(Collected data)
------------------------------------

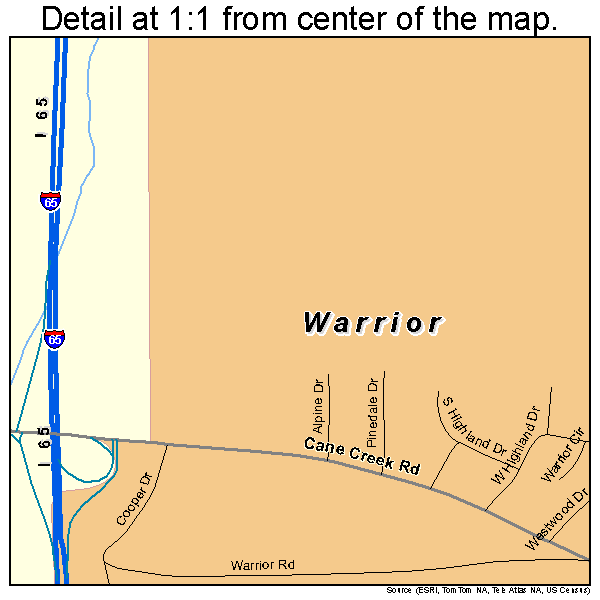 Warrior, Alabama road map detail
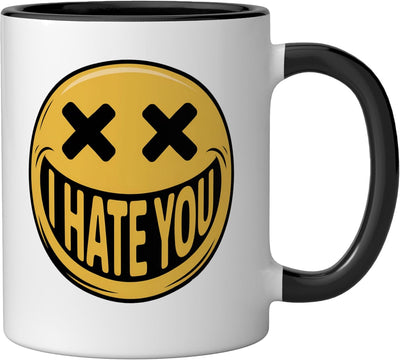 Taza de cerámica con dibujo cara distorsionada I Hate You negro/blanco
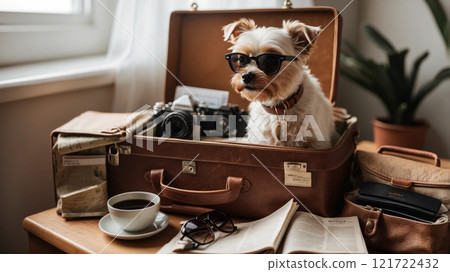 A fashionable dog, ready for adventure, poses on a suitcase with dark sunglasses. 121722432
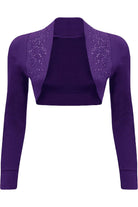 Long Sleeve Beaded Bolero Shrug Tops WearAll Purple 8-10
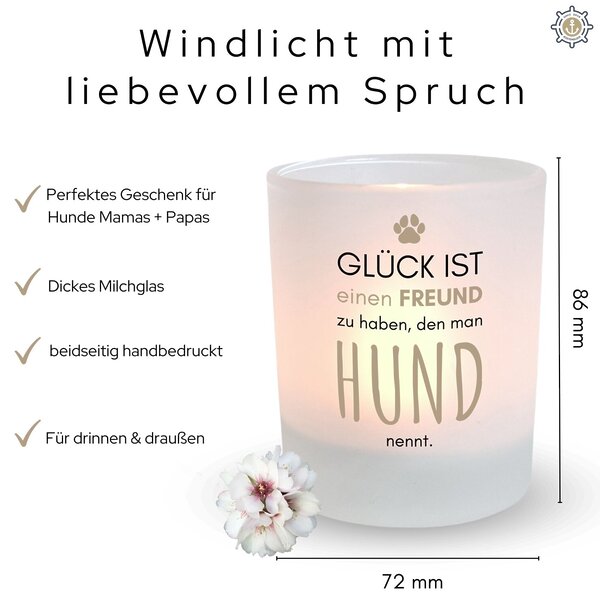 Windlicht Glas Spruch Hundeglueck Geschenk Hundebesitzer Geburtstag Teelichthalter Kerze Deko Kuestenglueck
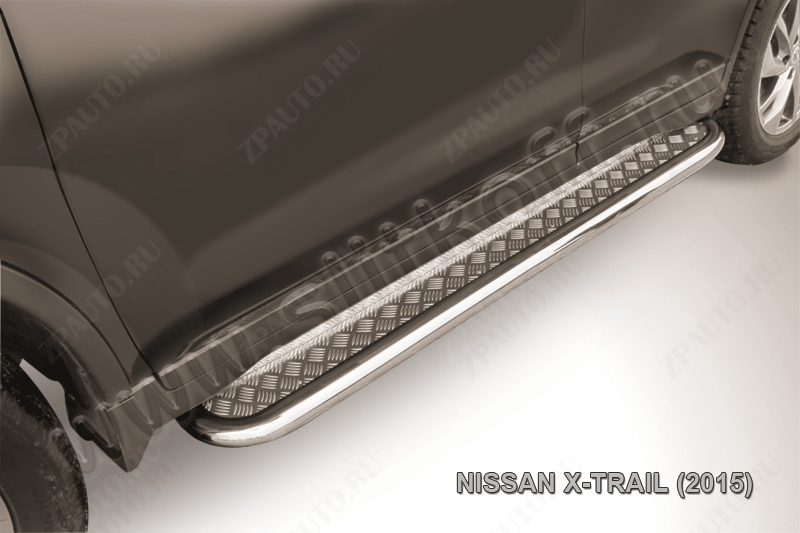 Защита порогов d57 с листом усиленная Nissan X-Trail (2013-2023) , Slitkoff, арт. NXT15-007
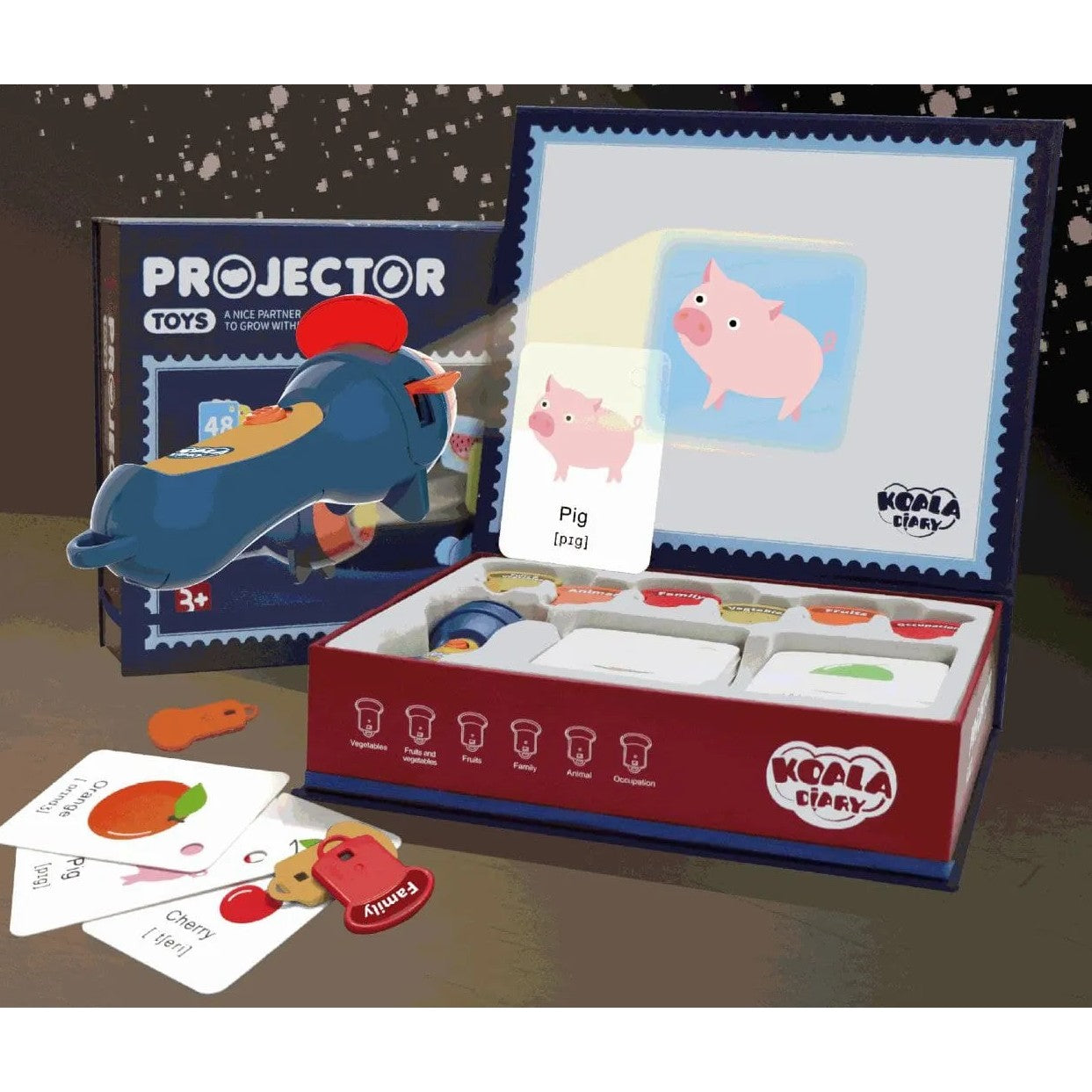 Set Jucarie Educativa, Flippy, Proiector Tip Lanterna Pentru Copii, 6 Teme, 48 de Imagini, Cutie Depozitare, +3 ani, Albastru-12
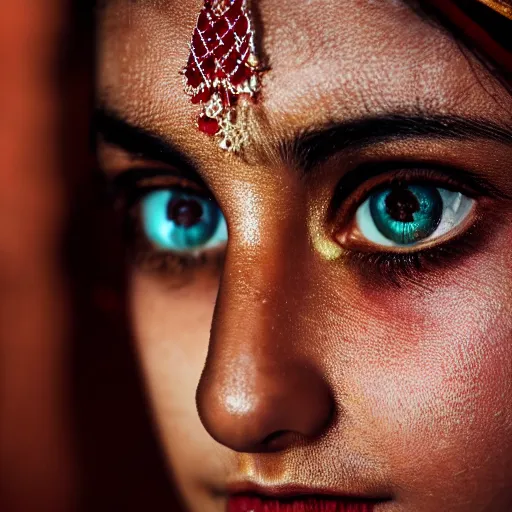 Prompt: extreme close - up shot, studio photographic portrait of beautiful indian girl in sari, brown reddish hair, eyes with crystal teal pupils, haunting, looking at viewer, dynamic lighting, random outdoor wallpaper background, photorealistic, highly detailed, 2 5 mm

------------------------------------

Starting with the line that has "Защита порогов d57" and ending with the line that has "Set Jucarie Educativa, Flippy, Proiector", repeat the lines above exactly, omitting every picture.

 Защита порогов d57 с листом усиленная Nissan X-Trail (2013-2023) , Slitkoff, арт. NXT15-007
 Set Jucarie Educativa, Flippy, Proiector Tip Lanterna Pentru Copii, 6 Teme, 48 de Imagini, Cutie Depozitare, +3 ani, Albastru-12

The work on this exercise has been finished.